THE PROBLEM:
Where does the string "suit" appear in the records? Copy every line that contains it.
ENTRIES PROVIDED: Begin
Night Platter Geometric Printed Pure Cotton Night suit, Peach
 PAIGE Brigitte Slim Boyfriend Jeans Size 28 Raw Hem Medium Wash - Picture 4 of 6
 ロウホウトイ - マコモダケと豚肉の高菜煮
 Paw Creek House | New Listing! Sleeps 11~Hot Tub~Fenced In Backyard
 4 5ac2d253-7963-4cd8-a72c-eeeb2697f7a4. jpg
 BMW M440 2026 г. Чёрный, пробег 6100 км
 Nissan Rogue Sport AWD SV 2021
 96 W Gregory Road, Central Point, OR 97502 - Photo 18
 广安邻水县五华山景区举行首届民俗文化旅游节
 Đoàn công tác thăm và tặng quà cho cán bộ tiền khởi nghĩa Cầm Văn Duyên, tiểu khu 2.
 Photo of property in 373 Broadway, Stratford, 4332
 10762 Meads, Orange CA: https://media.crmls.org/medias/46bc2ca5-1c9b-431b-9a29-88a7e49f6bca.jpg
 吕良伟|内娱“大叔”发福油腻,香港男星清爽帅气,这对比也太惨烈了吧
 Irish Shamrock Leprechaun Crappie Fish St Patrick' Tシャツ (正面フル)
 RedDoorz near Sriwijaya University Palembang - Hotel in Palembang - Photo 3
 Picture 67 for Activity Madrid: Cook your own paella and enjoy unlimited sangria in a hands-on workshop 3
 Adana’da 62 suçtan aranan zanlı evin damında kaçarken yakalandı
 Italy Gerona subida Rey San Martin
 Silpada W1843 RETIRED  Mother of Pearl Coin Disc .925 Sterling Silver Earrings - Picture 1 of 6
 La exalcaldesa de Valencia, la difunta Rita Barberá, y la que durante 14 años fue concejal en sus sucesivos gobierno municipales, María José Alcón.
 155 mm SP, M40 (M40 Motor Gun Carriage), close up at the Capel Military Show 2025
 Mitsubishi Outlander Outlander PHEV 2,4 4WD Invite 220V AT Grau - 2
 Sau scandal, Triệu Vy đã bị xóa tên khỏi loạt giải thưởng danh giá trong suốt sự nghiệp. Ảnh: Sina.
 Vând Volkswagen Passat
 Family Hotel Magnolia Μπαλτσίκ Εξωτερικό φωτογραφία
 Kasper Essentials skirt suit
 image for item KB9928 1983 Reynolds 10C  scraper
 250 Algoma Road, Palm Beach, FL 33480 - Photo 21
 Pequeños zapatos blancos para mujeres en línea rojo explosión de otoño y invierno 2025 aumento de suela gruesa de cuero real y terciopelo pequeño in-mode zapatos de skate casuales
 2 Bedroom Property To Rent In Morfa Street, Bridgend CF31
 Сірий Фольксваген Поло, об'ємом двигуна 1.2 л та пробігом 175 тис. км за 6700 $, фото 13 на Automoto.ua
ENTRIES PROVIDED: End
EXERCISE RESPONSE:
Night Platter Geometric Printed Pure Cotton Night suit, Peach
 Kasper Essentials skirt suit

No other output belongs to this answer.